The problem =
Leave out the pictures, and retype the remaining data exactly.

Task material =
#####
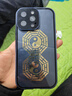 鑫京都 蘋(píng)果15promax手機(jī)殼iphone15pro保護(hù)套防偷窺鏡頭全包防摔雙面玻璃磁吸散熱透明 蘋(píng)果15promax【藍(lán)色】升級(jí)防窺 防摔昆侖玻璃 曬單實(shí)拍圖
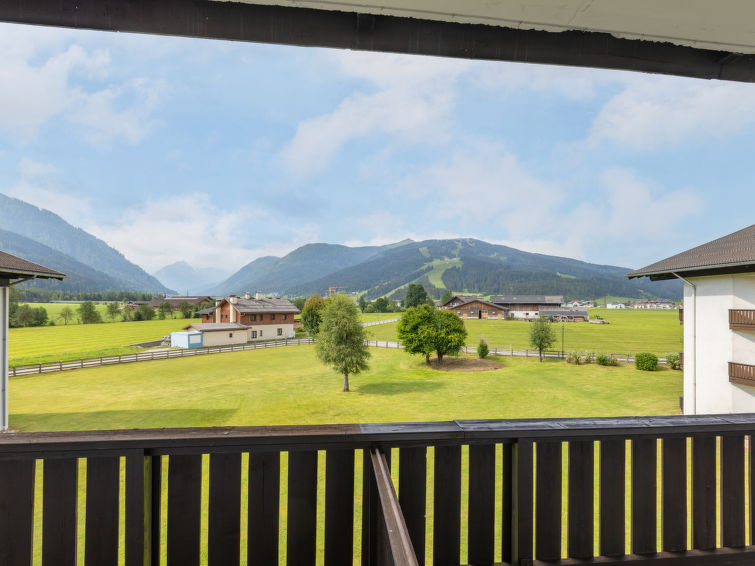 Foto van exterieur van Appartement Flachau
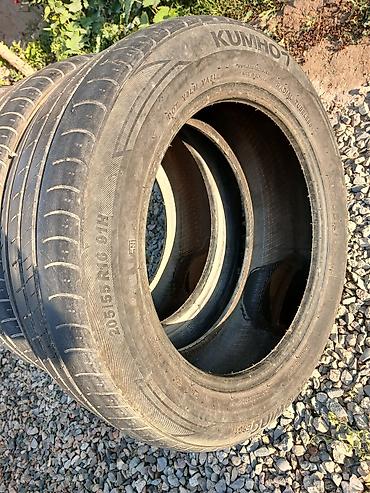 work r18: Пара летних шин Kumho Ecsta PS71 - Размер: 205/55 R16 - Тип — 4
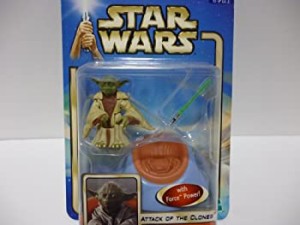 【中古】スター・ウォーズベーシックフィギュア ヨーダ　【ジェダイ・ハイカウンシル バージョン】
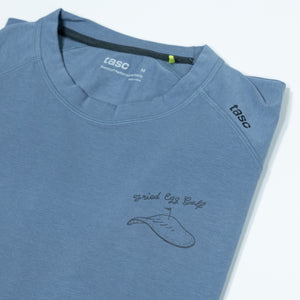 Fried Egg Golf Potato Chip & tasc Lightweight T-Shirt - Anchor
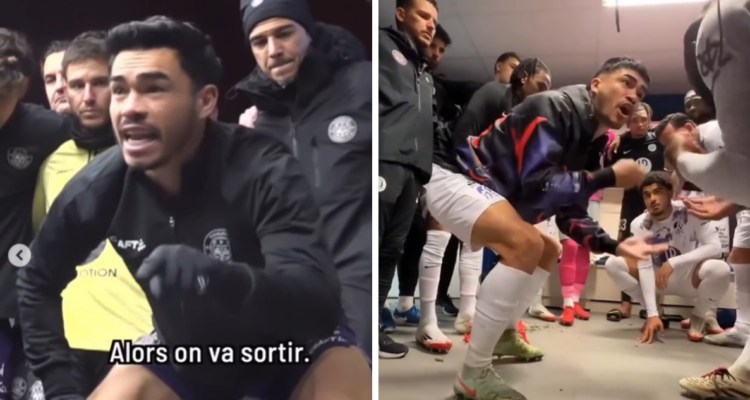 Touluse sale del asombro y dedica emotivo video a Gabriel ‘Suazidane’ Suazo: “Te deseamos lo mejor”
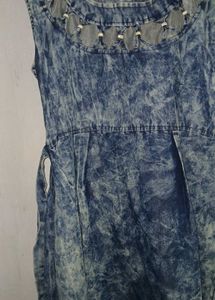 Denim Mini Dress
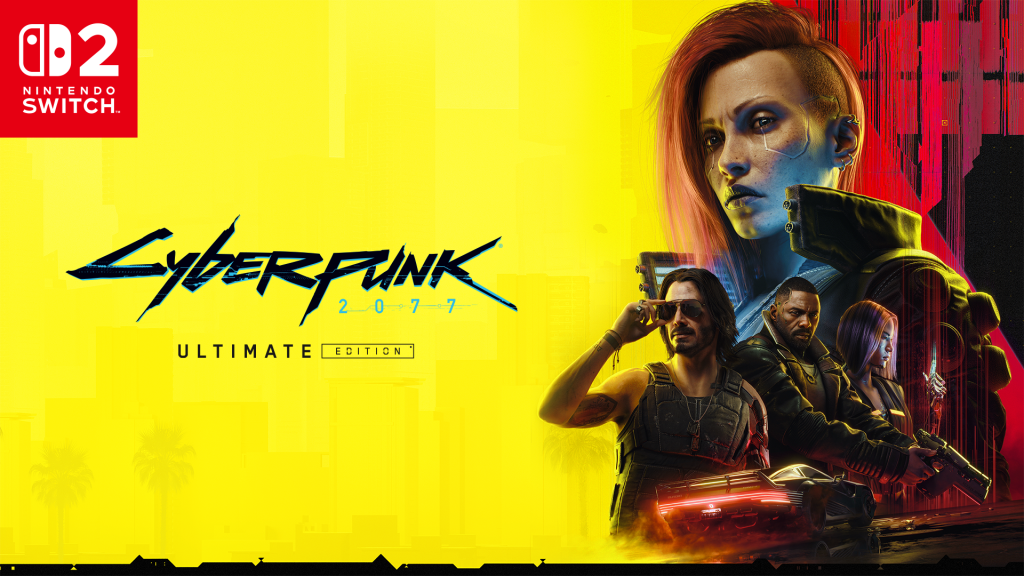 cyberpunk 2077 Nintendo switch 2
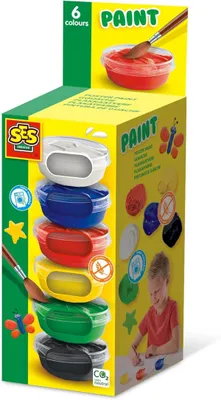 Immagine prodotto di SES Creative 00381 Vernice per poster (6x45ml), vari colori, 45 millilitri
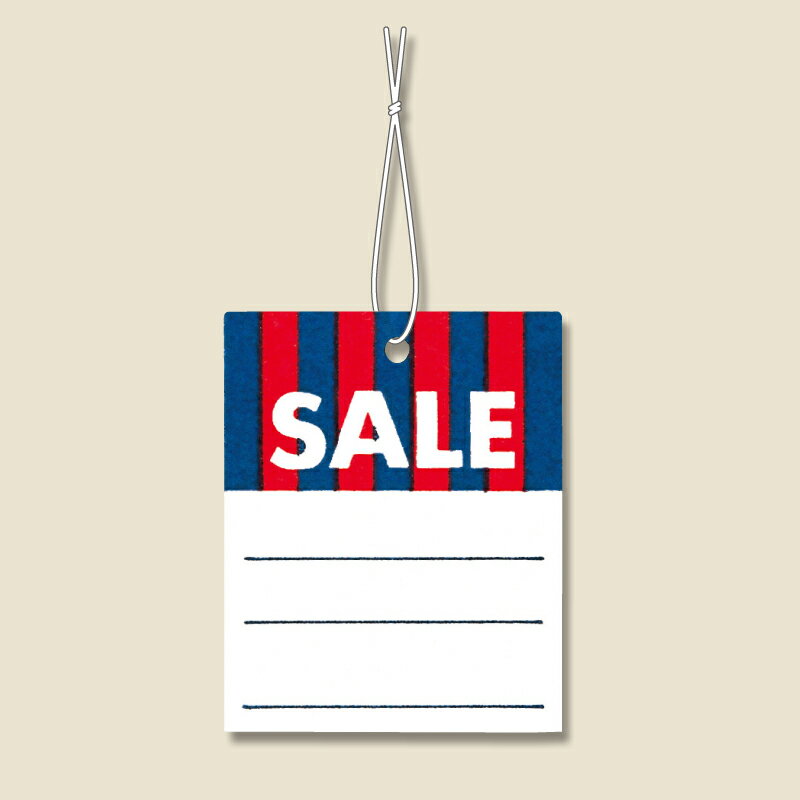 【楽天スーパーセール限定特価】提札 500枚 綿糸付 No.532 SALE シモジマ HEIKO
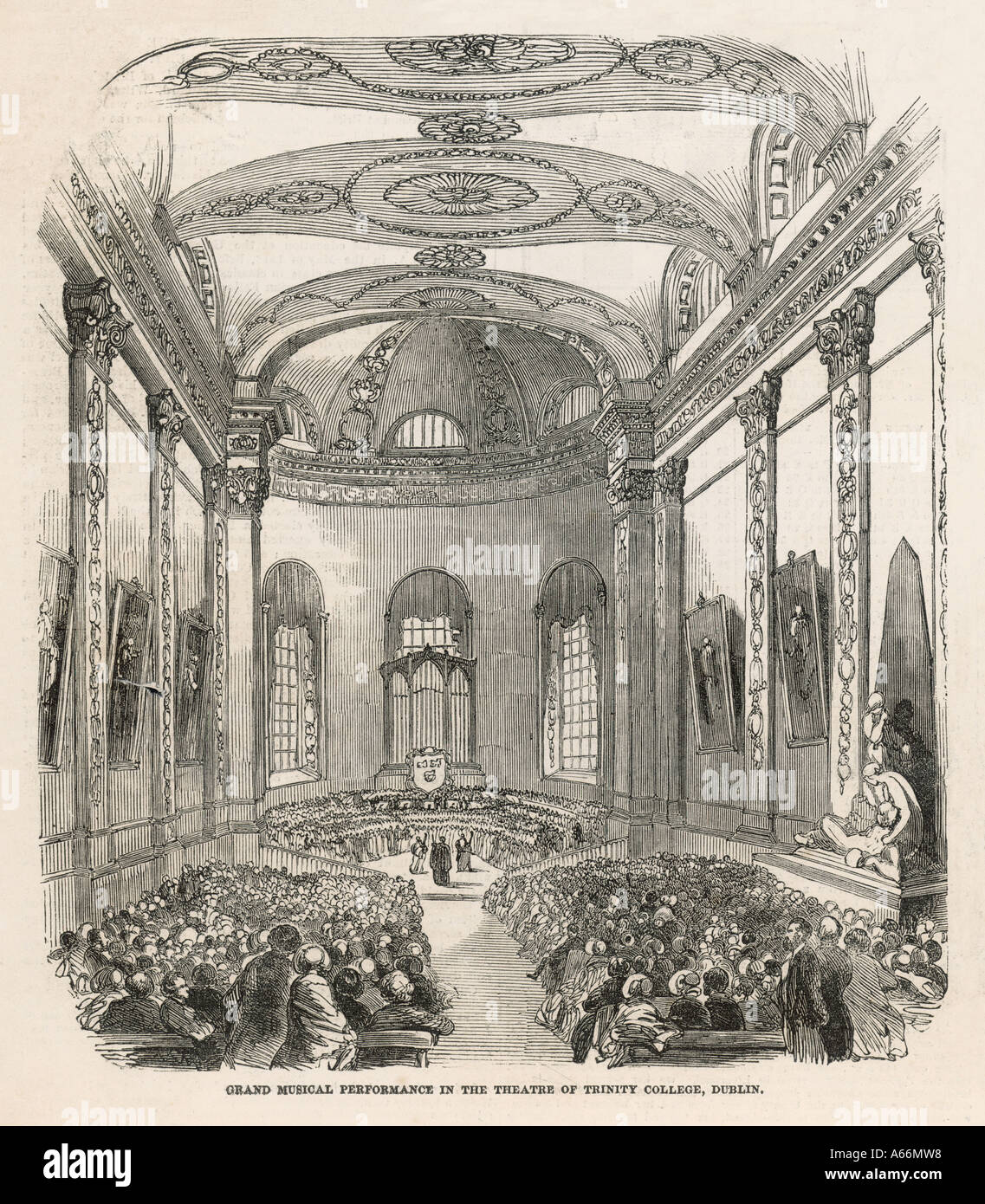 TRINITY COLLEGE DUBLIN MUSIC DEPARTMENT visual data 2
#####
Answer section =
 鑫京都 蘋(píng)果15promax手機(jī)殼iphone15pro保護(hù)套防偷窺鏡頭全包防摔雙面玻璃磁吸散熱透明 蘋(píng)果15promax【藍(lán)色】升級(jí)防窺 防摔昆侖玻璃 曬單實(shí)拍圖
 Foto van exterieur van Appartement Flachau
 work r18: Пара летних шин Kumho Ecsta PS71 - Размер: 205/55 R16 - Тип — 4
 【中古】スター・ウォーズベーシックフィギュア ヨーダ　【ジェダイ・ハイカウンシル バージョン】
 Fried Egg Golf Potato Chip & tasc Lightweight T-Shirt - Anchor
 Touluse sale del asombro y dedica emotivo video a Gabriel ‘Suazidane’ Suazo: “Te deseamos lo mejor”
 Denim Mini Dress
 cyberpunk 2077 Nintendo switch 2
 Immagine prodotto di SES Creative 00381 Vernice per poster (6x45ml), vari colori, 45 millilitri
 【楽天スーパーセール限定特価】提札 500枚 綿糸付 No.532 SALE シモジマ HEIKO
 TRINITY COLLEGE DUBLIN MUSIC DEPARTMENT visual data 2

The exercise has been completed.